== Segment start ==
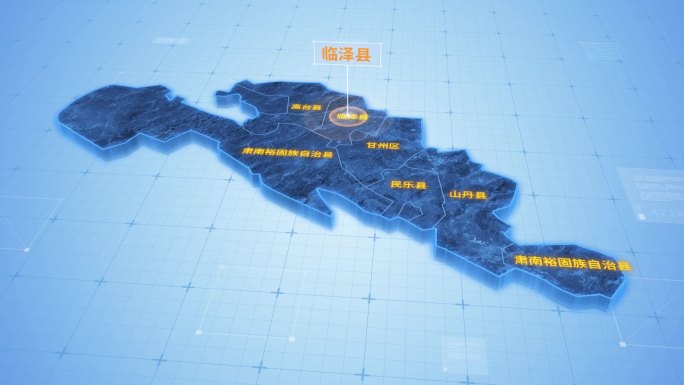 张掖临泽县三维科技地图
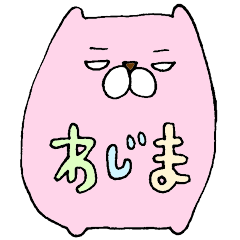[LINEスタンプ] 輪島弁つかおーま！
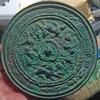 爱之泉（龙哥）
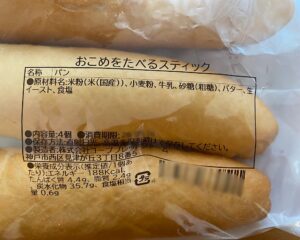 おこめをたべるスティックの原材料名と栄養成分表示 1個あたり188kcal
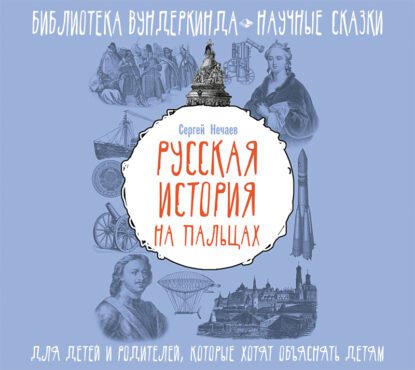 Нечаев Сергей — Русская история на пальцах. Для детей и родителей, которые хотят объяснять детям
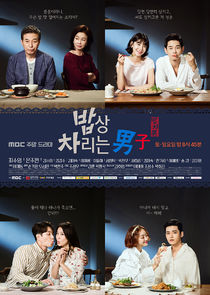 Man Who Sets the Table poster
== Segment end ==
__Task requirements__. Pictures aside, write out all of the records exactly.

__Solved exercise__.
 张掖临泽县三维科技地图
[LINEスタンプ] 輪島弁つかおーま！
 爱之泉（龙哥）
 おこめをたべるスティックの原材料名と栄養成分表示 1個あたり188kcal
 Нечаев Сергей — Русская история на пальцах. Для детей и родителей, которые хотят объяснять детям
 Man Who Sets the Table poster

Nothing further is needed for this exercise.